US - Investors have fled from funds investing in riskier assets such as high yield bonds and emerging market equities bonds on the back of US consumer inflation data and the Federal Reserve's expression of concern about inflation pressures in the economy, according to Emerging Portfolio Fund Research (EPFR).
The company said investors continued to favour funds offering broader exposure to global markets such as global equity funds and global bond funds, both of which received “healthy inflows” in the last week, while resuming net redemptions from US equity funds.
“The current state of investor sentiment and fund flows are similar to that of April and May when sudden concerns about inflation and the potential for more aggressive interest rate rises sent Treasury yields soaring and emerging market assets, and fund flows, plummeting,” said Brad Durham, a managing director of EPFR.
According to EPFR, emerging market bond funds tracked by the firm posted their first weekly outflow in 21 weeks last week.
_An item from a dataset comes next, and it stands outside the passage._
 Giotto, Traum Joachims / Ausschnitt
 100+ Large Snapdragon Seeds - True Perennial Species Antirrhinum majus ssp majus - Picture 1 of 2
High yield bond funds also experienced their worst outflows of the year.
Global/international equity funds took in US$768.7m of net inflows during the week while US equity funds lost US$163.2m to outflows.
Global bond funds continued to take in fresh money, taking total year to date inflows to US$4.83bn, EPFR said.
“Institutional demand for euro-denominated debt at the long end of the curve held up, and some investors went bargain hunting on the theory that the Bank of Japan and the European Central Bank will not be raising interest rates, and thus putting pressure on bond prices, any time soon,” commented Cameron Brandt, EPFR global markets analyst.
“They are basing this theory o lacklustre growth in Germany, Italy and Japan.”
EPFR tracks flows from its universe of 8000 international and emerging market funds with more than US$3trn in assets, showing trends in global institutional and individual investor sentiment.